Web page caption snippets →
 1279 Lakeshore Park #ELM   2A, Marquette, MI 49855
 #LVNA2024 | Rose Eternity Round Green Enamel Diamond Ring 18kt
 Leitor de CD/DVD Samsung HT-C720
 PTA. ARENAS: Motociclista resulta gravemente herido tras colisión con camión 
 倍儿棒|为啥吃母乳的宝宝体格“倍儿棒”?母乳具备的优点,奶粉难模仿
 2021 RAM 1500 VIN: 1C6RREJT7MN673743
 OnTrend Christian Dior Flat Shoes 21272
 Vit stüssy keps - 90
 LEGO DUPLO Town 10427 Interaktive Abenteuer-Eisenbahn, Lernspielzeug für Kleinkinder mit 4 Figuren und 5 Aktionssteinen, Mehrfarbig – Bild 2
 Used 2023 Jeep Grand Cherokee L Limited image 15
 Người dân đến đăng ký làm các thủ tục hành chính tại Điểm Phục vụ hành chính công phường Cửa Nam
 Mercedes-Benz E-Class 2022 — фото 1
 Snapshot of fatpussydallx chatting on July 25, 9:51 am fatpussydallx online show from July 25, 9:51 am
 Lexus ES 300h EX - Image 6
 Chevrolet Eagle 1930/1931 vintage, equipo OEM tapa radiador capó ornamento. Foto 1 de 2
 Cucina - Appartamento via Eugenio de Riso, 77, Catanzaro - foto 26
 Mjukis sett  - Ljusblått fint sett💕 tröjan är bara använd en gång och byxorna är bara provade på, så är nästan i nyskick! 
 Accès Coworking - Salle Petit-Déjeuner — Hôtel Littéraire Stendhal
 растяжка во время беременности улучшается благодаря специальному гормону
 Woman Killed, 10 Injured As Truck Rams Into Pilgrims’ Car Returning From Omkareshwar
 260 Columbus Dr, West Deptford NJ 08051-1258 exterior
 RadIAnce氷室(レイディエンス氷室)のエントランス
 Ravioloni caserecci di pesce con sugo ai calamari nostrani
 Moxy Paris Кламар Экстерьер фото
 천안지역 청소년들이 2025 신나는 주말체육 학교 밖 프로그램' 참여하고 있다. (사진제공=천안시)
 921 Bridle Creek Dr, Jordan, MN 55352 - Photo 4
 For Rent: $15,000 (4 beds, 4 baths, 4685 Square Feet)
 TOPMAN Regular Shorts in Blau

WORK TO COMPLETE →
Nothing but the lines from the line containing "Người dân đến" through the final line of the entries should appear in your answer, copied exactly.

EXPECTED ANSWER →
 Người dân đến đăng ký làm các thủ tục hành chính tại Điểm Phục vụ hành chính công phường Cửa Nam
 Mercedes-Benz E-Class 2022 — фото 1
 Snapshot of fatpussydallx chatting on July 25, 9:51 am fatpussydallx online show from July 25, 9:51 am
 Lexus ES 300h EX - Image 6
 Chevrolet Eagle 1930/1931 vintage, equipo OEM tapa radiador capó ornamento. Foto 1 de 2
 Cucina - Appartamento via Eugenio de Riso, 77, Catanzaro - foto 26
 Mjukis sett  - Ljusblått fint sett💕 tröjan är bara använd en gång och byxorna är bara provade på, så är nästan i nyskick! 
 Accès Coworking - Salle Petit-Déjeuner — Hôtel Littéraire Stendhal
 растяжка во время беременности улучшается благодаря специальному гормону
 Woman Killed, 10 Injured As Truck Rams Into Pilgrims’ Car Returning From Omkareshwar
 260 Columbus Dr, West Deptford NJ 08051-1258 exterior
 RadIAnce氷室(レイディエンス氷室)のエントランス
 Ravioloni caserecci di pesce con sugo ai calamari nostrani
 Moxy Paris Кламар Экстерьер фото
 천안지역 청소년들이 2025 신나는 주말체육 학교 밖 프로그램' 참여하고 있다. (사진제공=천안시)
 921 Bridle Creek Dr, Jordan, MN 55352 - Photo 4
 For Rent: $15,000 (4 beds, 4 baths, 4685 Square Feet)
 TOPMAN Regular Shorts in Blau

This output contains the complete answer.